Synthesia has robust personnel practices in place to help Synthesia exercise appropriate control and supervision over its personnel, including strict hiring policies with background checks and scrutiny based on job function and location. All employees are trained on information security and privacy policies as part of the onboarding process, with ongoing periodic security training provided at least annually. Employees must agree to our security policies.

All employees are bound to our internal policies, including:

• Role-based access limitations designed around the principle of least privilege with a monitored approval process
• Execution of a Non Disclosure Agreement or similar confidentiality agreements
• Comprehensive privacy and security trainings
• Immediate termination of access upon conclusion of employment
• Physical access restrictions, such as key cards and video monitoring
• Full audit logging of all access to our backend infrastructure, including actions taken
• Proactive threat intelligence management, such as dark web monitoring
• Use of FIDO2 compliant biometric or security keys, strong password complexity, default multi-factor authentication, and a password manager

Infrastructure

Subprocessors

Synthesia uses third party entities (each, a “Subprocessor”) to process Customer Data on behalf of our Customers. You can read more information about specific Subprocessors and how they interact with our Services at https://www.synthesia.io/legal/subprocessors.

We carry out compliance reviews of our Subprocessors, and where required by applicable law, Synthesia conducts Transfer Impact Assessments covering cross-border transfers of Customer Data.
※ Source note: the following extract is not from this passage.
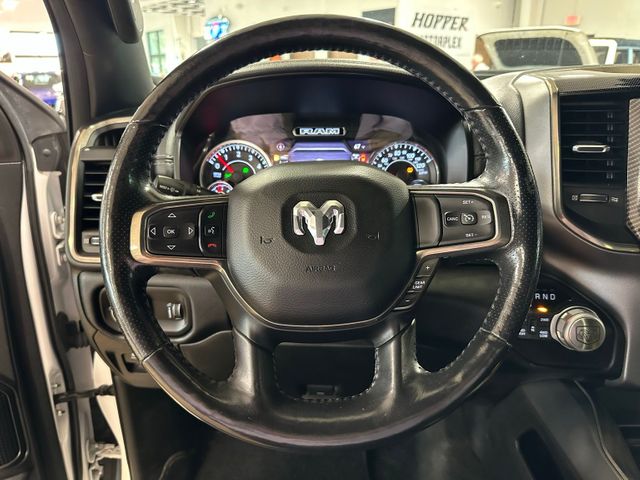 2020 Ram 1500 Rebel 4x4 HEMI Sport Appearance Package | Irving, Texas | Hopper Motorplex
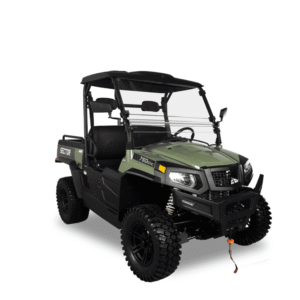 UTV SF-SECTOR 750 - Image 4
You may find these reports at https://security.synthesia.io/.

Synthesia additionally imposes obligations on its Subprocessors to implement appropriate technical and organizational measures around the sub-processing of Customer Data, in accordance with the standards required by applicable data protection laws.

Open Source Software

Certain components of the Services may contain open source software governed by licensing agreements. Synthesia has implemented a vulnerability management program designed to detect and remediate vulnerabilities in our codebase and infrastructure.

{{security-practises-table="/legal-security-practises-table"}}

The Services do not contain any open source software that is subject to license terms requiring Customers’ intellectual property rights be: (a) disclosed or distributed in source code or object code form or distributed in source code or object code form, (b) licensed for the purpose of creating derivative works, or (c) redistributable by third parties.